Tibetan New Year takes place on February 28th this year. We will be celebrating with Tibetan friends at the weekend, and probably with momos and beer. But this is not traditional fare.
While momos inevitably form part of the New Year’s celebration in Tibet, the most traditional dishes that are prepared during Losar are enjoyed only at this time of year. Tibetan guthuk, the barley-based soup served every New Year’s Eve, is one of these. Hugely symbolic, but always surprising, it provides the basis for most of the evening’s fun.
The guthuk, or “nine soup”, must contain no fewer than nine ingredients, nine being an auspicious number in Tibet (odd numbers are perceived as lucky in general, and numbers 9 and, interestingly, 13, are considered of special significance).
The nine soup itself is a delicious prospect, but where things get really fun is in the dumplings. Once the soup has been prepared, the chef adds to it nine large balls of dough, each containing items such as raw beans, a sugar cube, a small piece of wood, folded paper, wool, a piece of charcoal, a pebble, hot chilli pepper, a ball of cotton, and so on. Every family will have its own special ingredients, and, fortunately, you will not find yak dung or broken china in your dumplings today, as was the case in days gone by.

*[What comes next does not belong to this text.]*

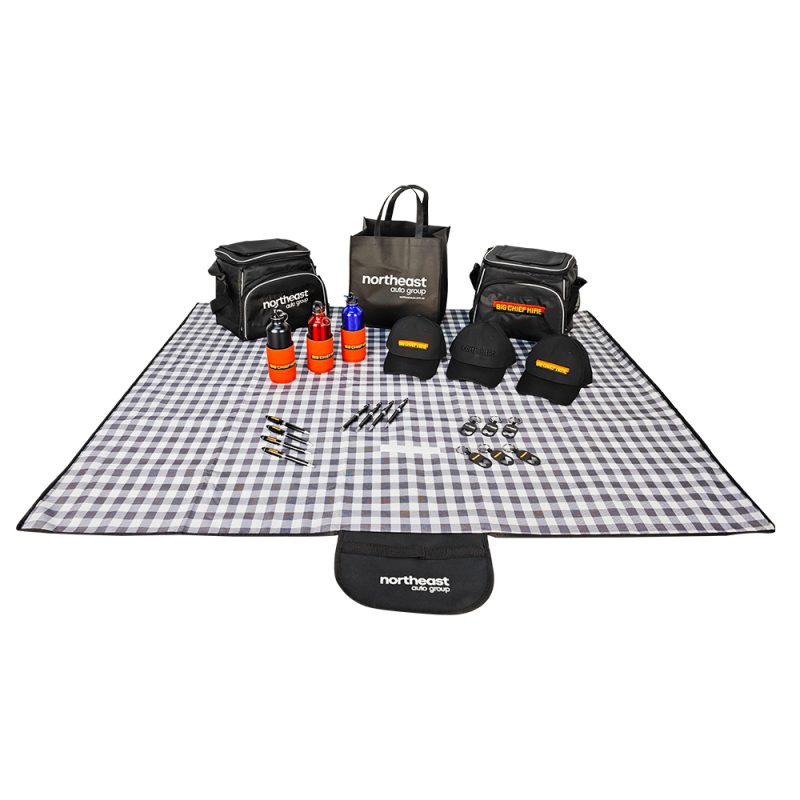 Custom Picnic Blanket Auto Industry Gift Sets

You’ll be glad to know that the dough balls are not eaten, but discarded once their content is revealed. Each bears a special meaning, and either symbolises the character of the person who has picked it out, or is a prediction of their year ahead. Just as the coal at the bottom of your Christmas stocking is Santa’s way of telling you you’ve been a bad kid, so he who picks out coal may be said to have a black heart. Wool, by contrast, denotes kind-heartedness. Find a stone and you are probably looking at a slack year in business, a hot chilli and you’ll have trouble controlling your tongue. And so on.

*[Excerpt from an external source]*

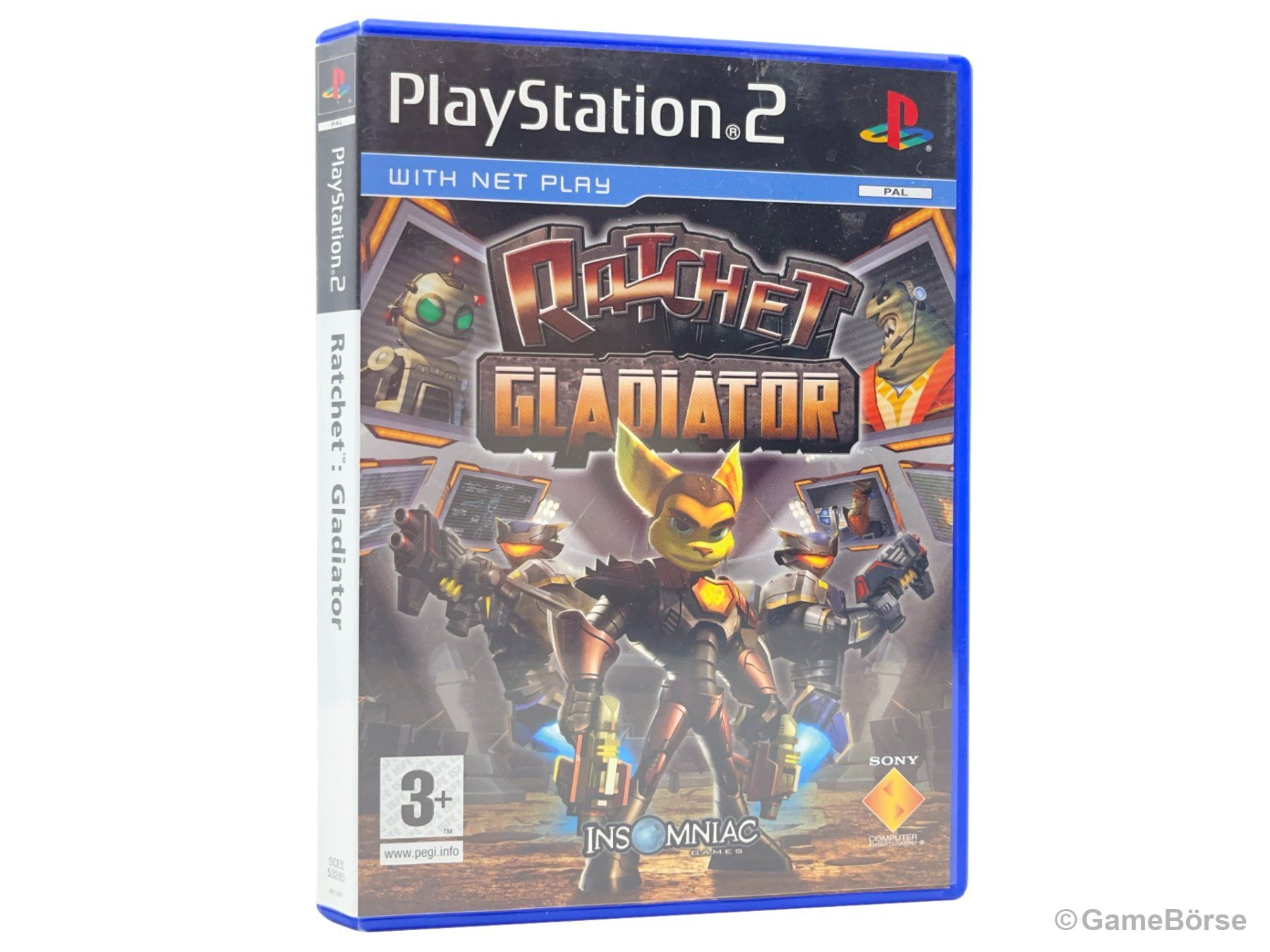 Sony Giochi: PS2 Ratchet Gladiator Promo Version – Usato da Stettfurt venduto da GameBoerse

We played these games in my house on New Year’s Eve, but my parents tended to play down any messages in the guthuk. Whilst it can all create a lot of hilarity, and by and large it’s all good, kids will be kids and sometimes it can all go a bit wrong.
But there’s always a chance to redeem yourself at the end of the night. Once the meal is over, everybody pours their leftovers into a broken cooking pot, and wishes away any bad luck. The pot is taken out and thrown into a fire, to the sound of chanting and firecrackers. The new year is a new beginning, and these rituals are an important and symbolic starting point.